● **DATA PROVIDED**
------------------------

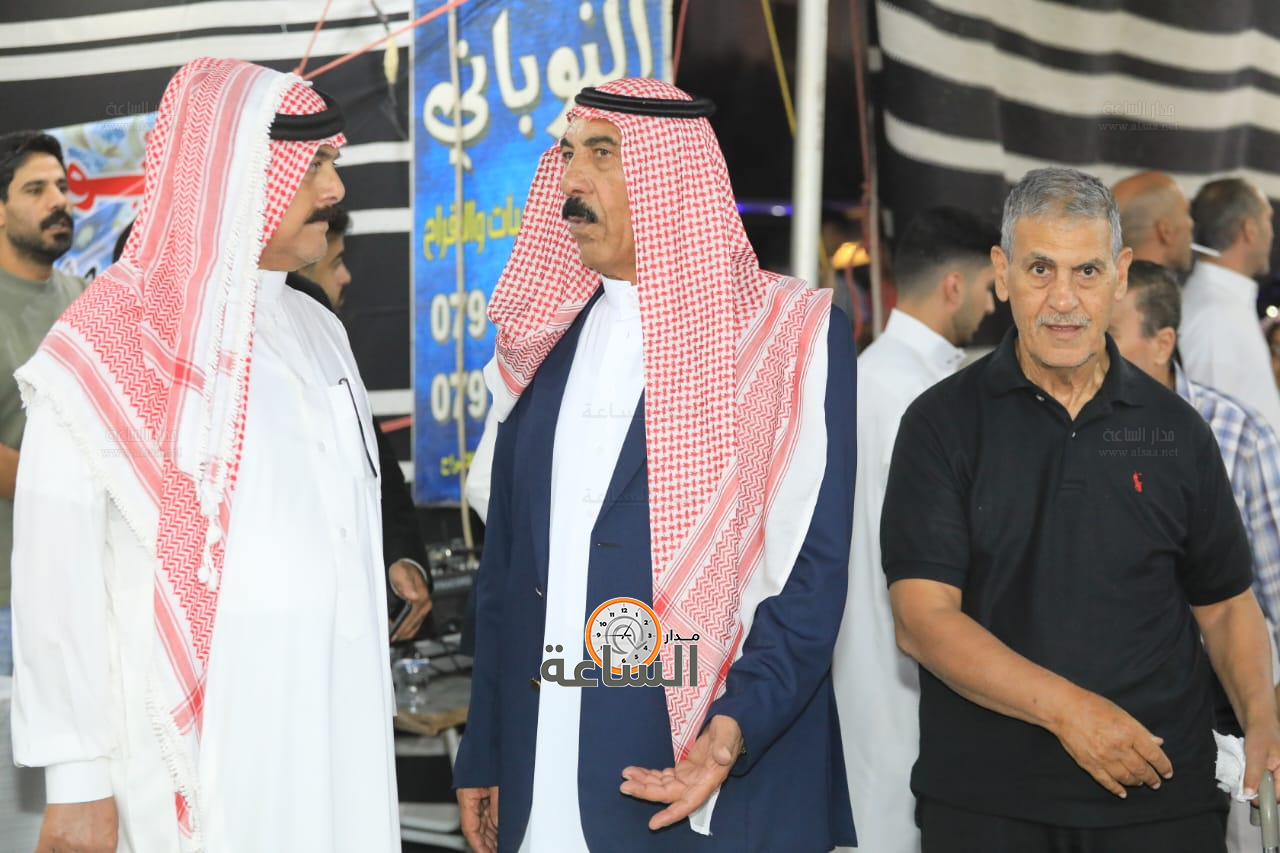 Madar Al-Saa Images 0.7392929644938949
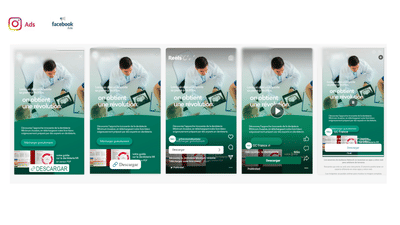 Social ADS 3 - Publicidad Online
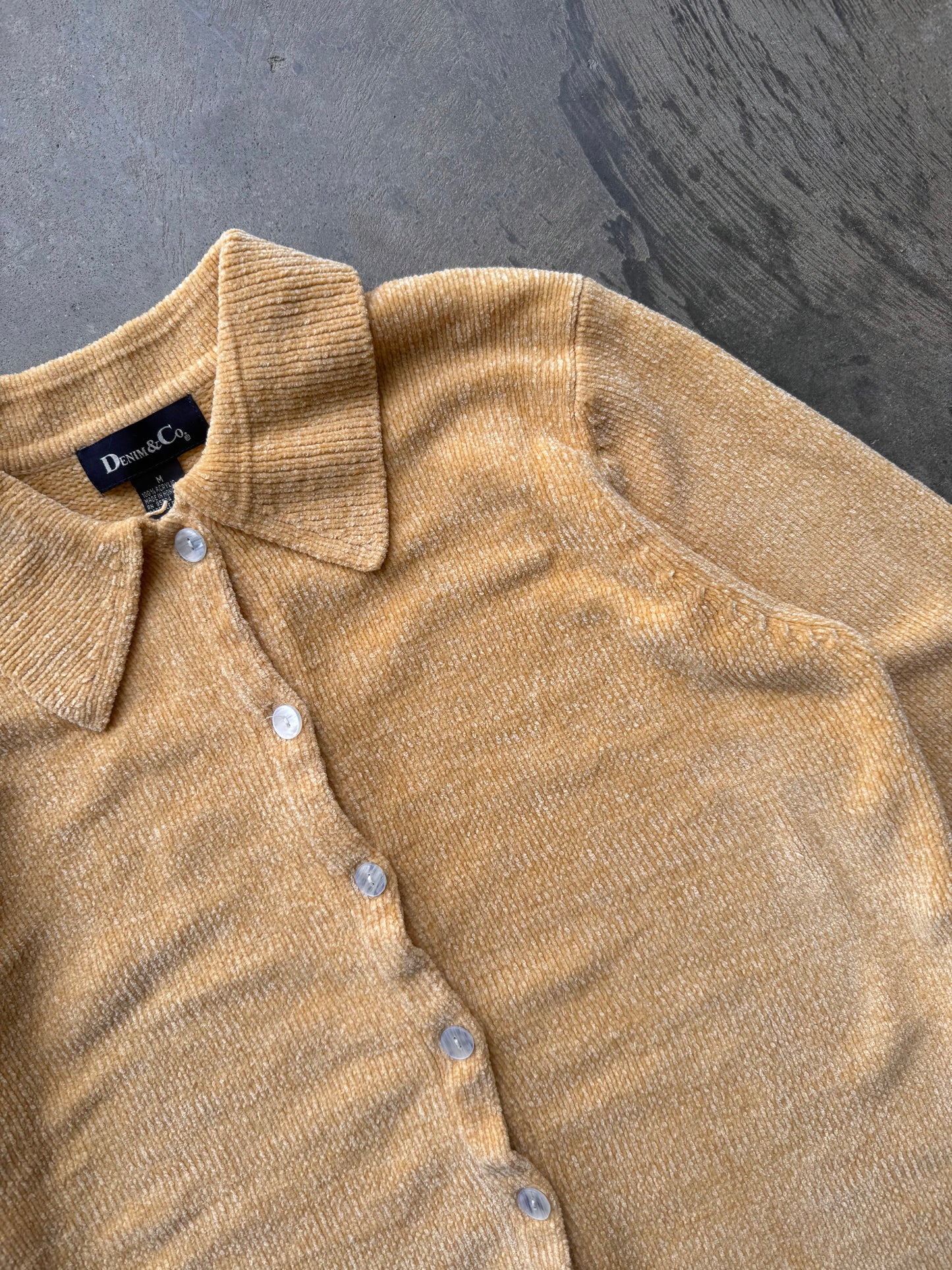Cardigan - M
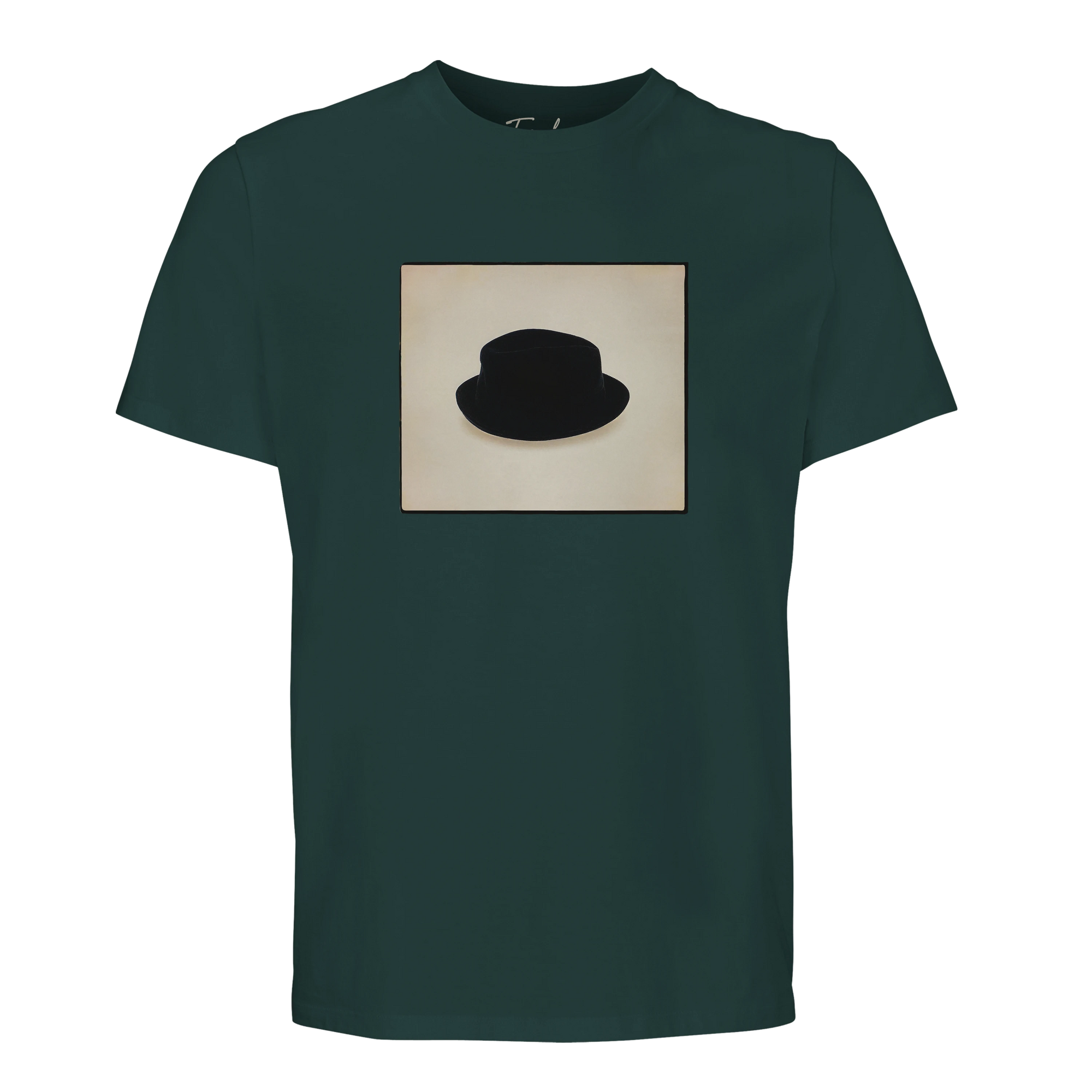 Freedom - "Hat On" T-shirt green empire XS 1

------------------------

● **TASK PROMPT**
Would you retype every line shown above exactly, leaving the pictures aside?

● **ANSWER TO THE PROBLEM**
 Madar Al-Saa Images 0.7392929644938949
 Social ADS 3 - Publicidad Online
Cardigan - M
 Freedom - "Hat On" T-shirt green empire XS 1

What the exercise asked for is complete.